First, maybe stem cells harvested from bone marrow (let’s represent this as “patent A”) could be implanted. Second, perhaps fat tissue derived stem cells (represented by “patent B”) might be considered. Third, maybe a bone growth protein (“patent C”) would be another approach.

Surprisingly, all of these alternatives may result in the same improvement for the patient. Yet, patents A, B and C do not infringe one another. So, what were the investors for each company thinking?

Maybe the startup company behind patent A was earlier than B and had initial success with a particular kind of tissue healing; perhaps investors did not expect B or C to come along.

On the other hand, maybe the collecting of stem cells from people under patent B is less costly, less painful and less invasive than what has to happen under patent A.

Investors in patent C would surely be enamored with this protein’s ability to be synthesized in a lab, rather than harvested from donor tissue, and then expanded to large production quantities.

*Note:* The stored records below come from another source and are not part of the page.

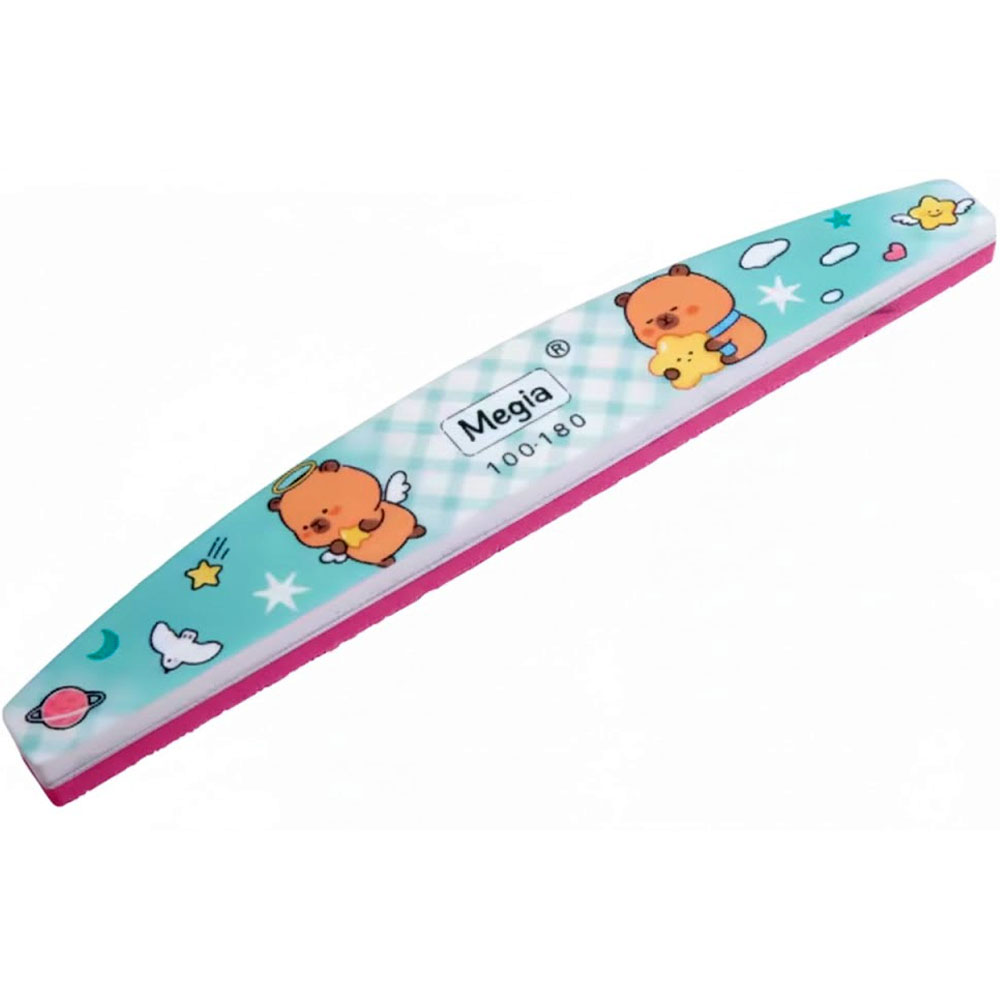 Lija Megia Capibara MZ-165 - Azul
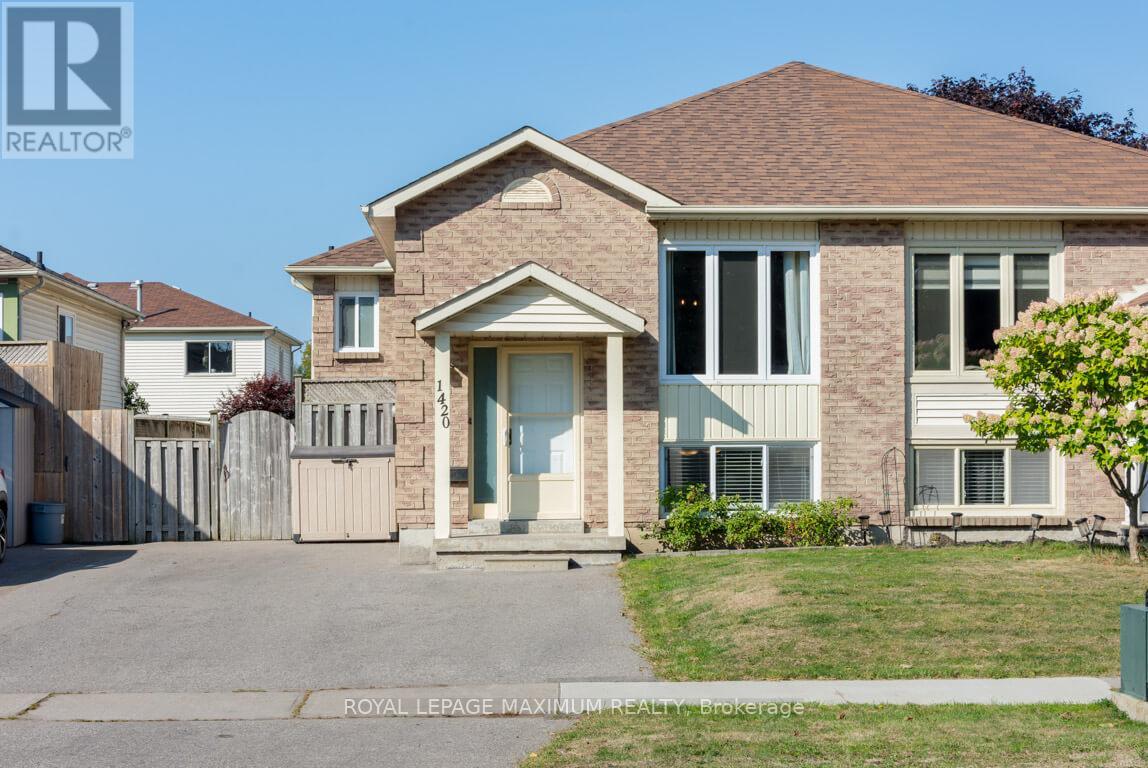 1420 Park Road S, Oshawa, Ontario  L1J 8M5 - Photo 2 - E12428505
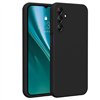 Etteri silikonikotelo Samsung Galaxy A15 4G / A15 5G mustalle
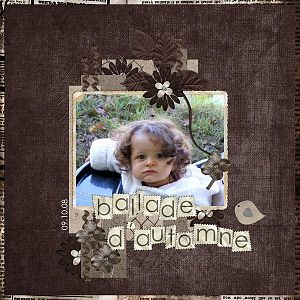 ballade d'automne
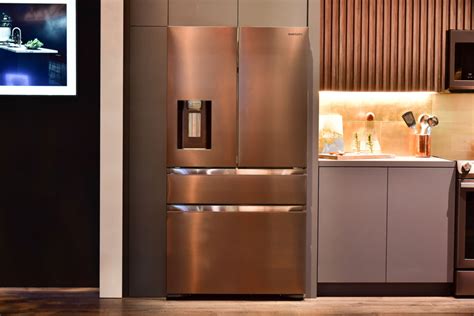 Create your own drama with the details. What's New In Appliances for 2019?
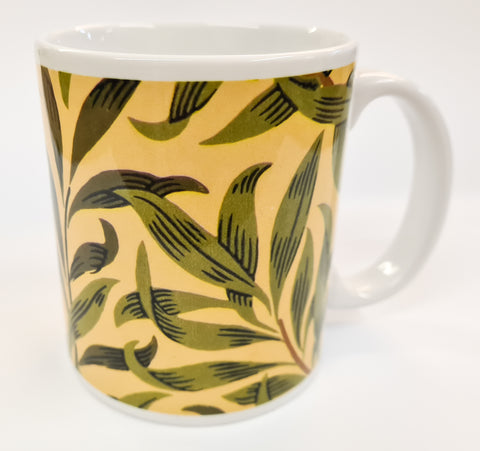 William Morris Willow Boughs Mug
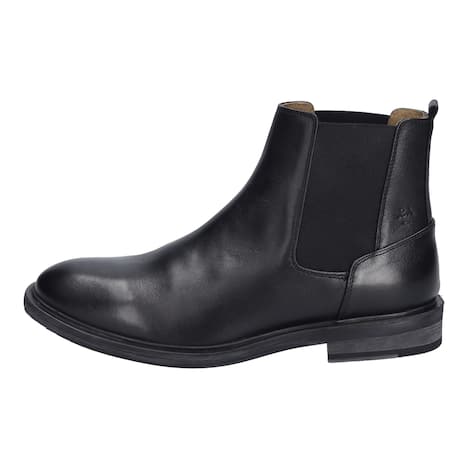 Herren Stiefelette Bradley 03, schwarz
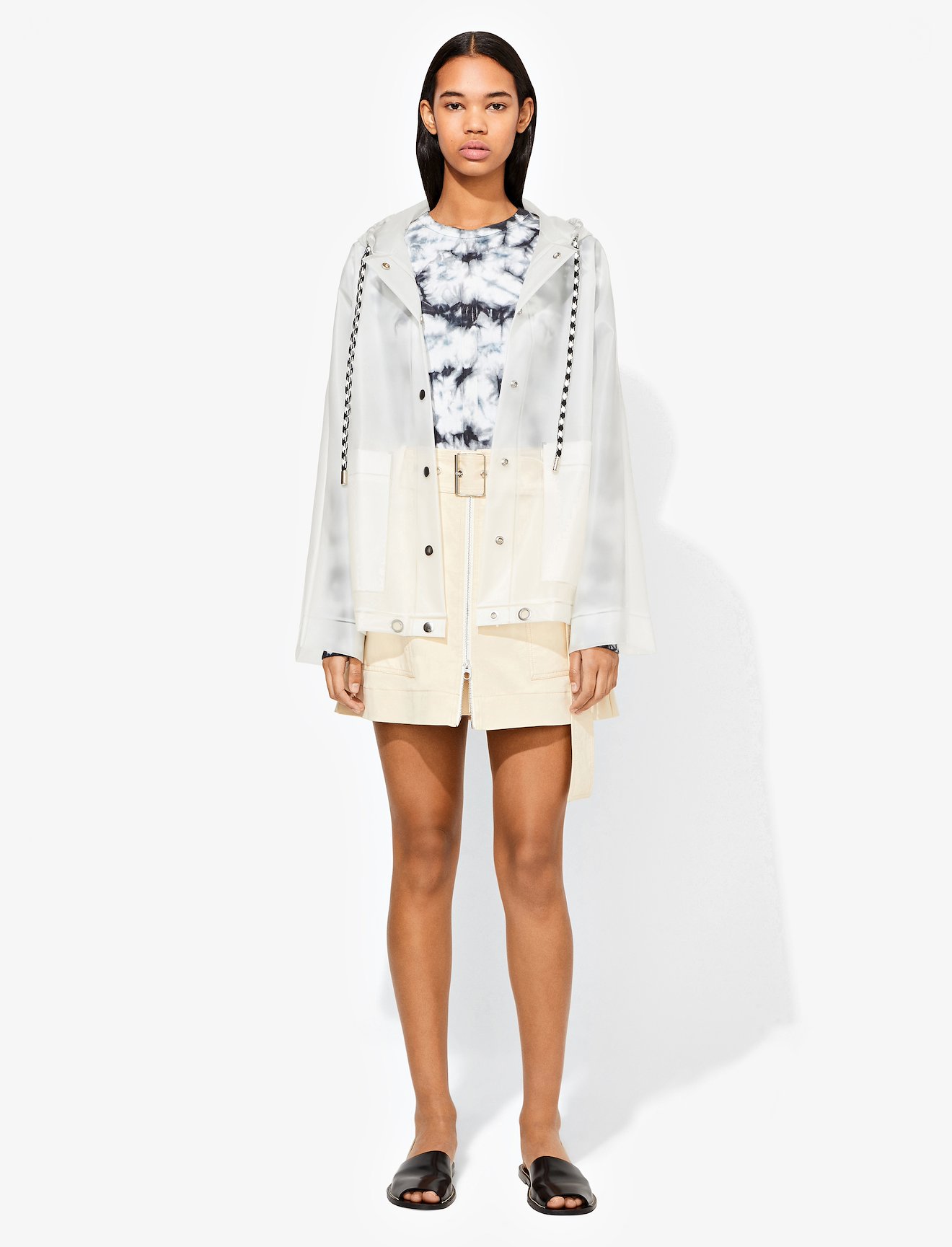PSWL Alphabet Raincoat #1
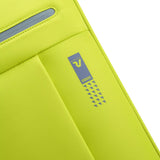 Roncato Trolley Bagaglio a mano LITE SOFT Trolley bagaglio a mano 55x40x20 cm - Cyber Lime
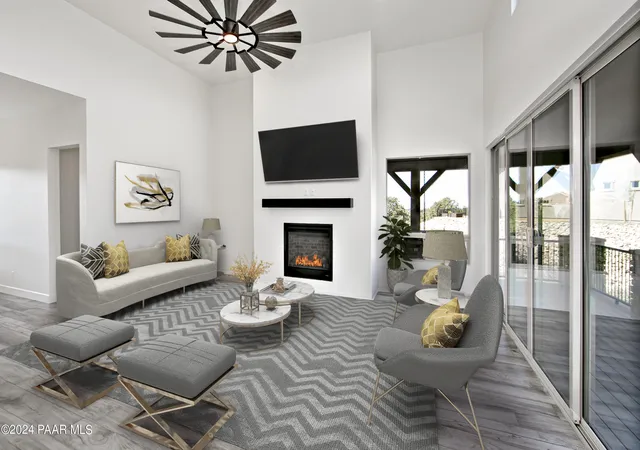 Photo 3 of Single family home for sale at 5909 W Cedron (lot 276) Cir, Prescott, AZ 86305 | MLS# 1073069 | Listing updated on 2026-08-25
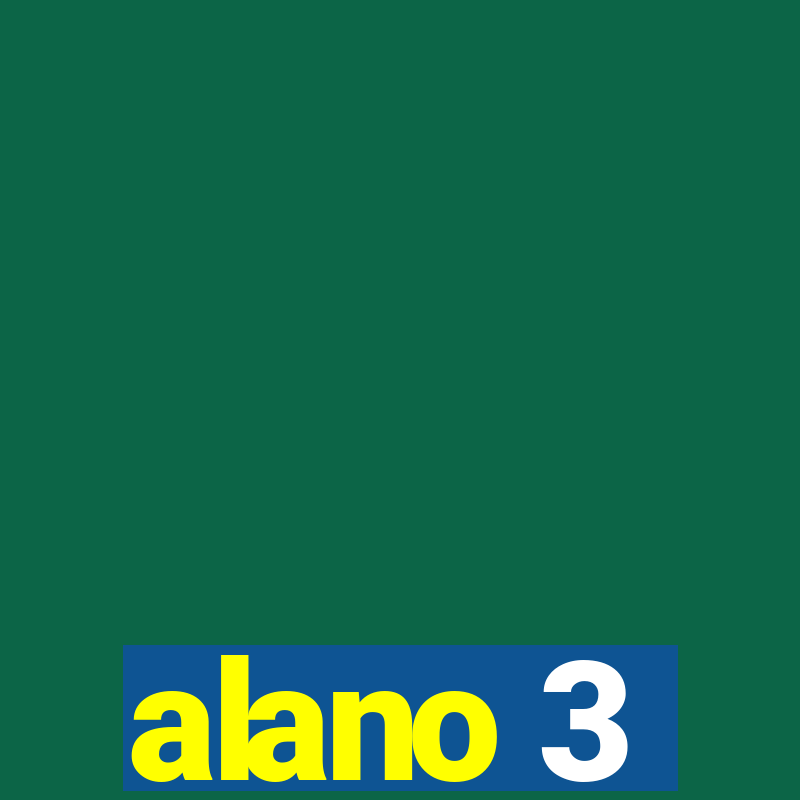 alano 3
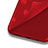 Hard Rigid Plastic Matte Finish Snap On Cover for Huawei Nova 2 Plus Red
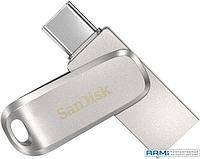 USB Flash SanDisk Ultra Dual Drive Luxe USB Type-C 128GB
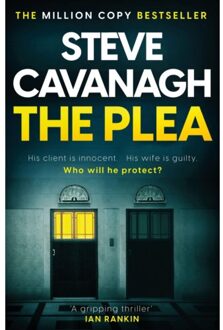 The Plea - Eddie Flynn - Steve Cavanagh
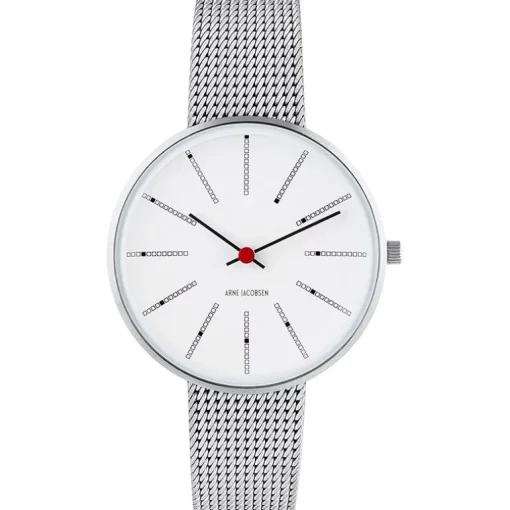 Arne Jacobsen Bankers Ur 53101-1608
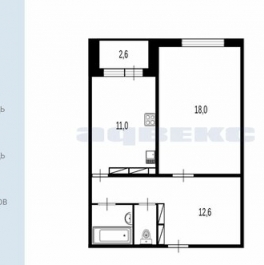 Продажа 1-комн квартиры на вторичном рынке Пятилеток пр-кт,  д. 15,  к. 5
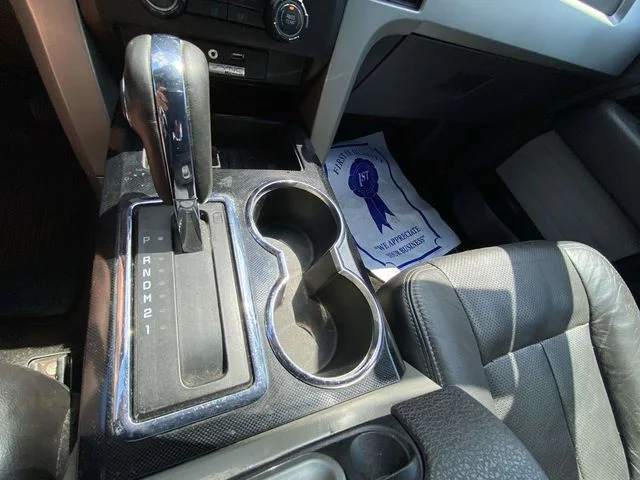 Used 2012 White Ford FX4 image 19
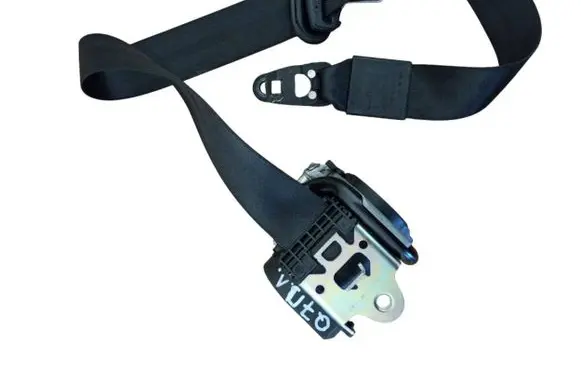 Audi Q7 4L Front seatbelt 4L1857705
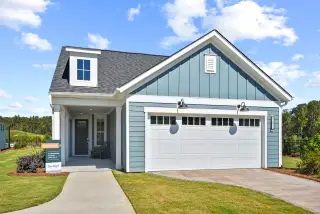 New construction Single-Family house 1450 Mining Camp Rd, Midland, NC 28107 plan Compass - image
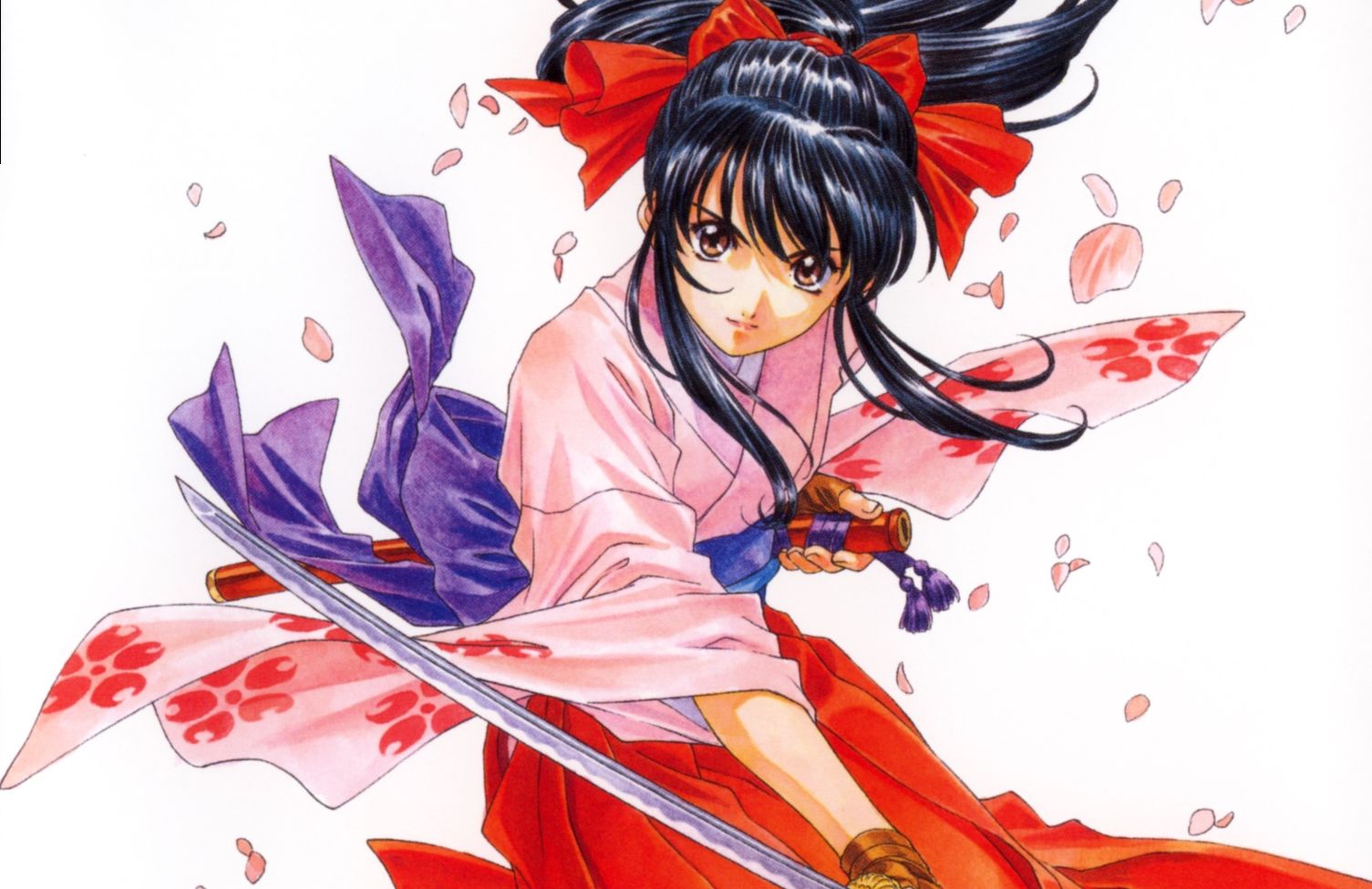 Sakura Wars HD wallpapers, Desktop wallpaper - most viewed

So, what drives the value of the patent is not the patent claims per se, but rather the competitive advantage enabled by those claims.

If A, B, and C offer similar patient benefits (which in my example, they do) than other compelling factors must exist: less invasive and painful availability, ease of production, and lower costs are all important distinguishing factors. And they could be very meaningful to investors.

This should be your challenge, too. For your potentially patentable idea, set out to find your competitive advantages—those things which will be important to the people using it—and then craft your patent to protect these things.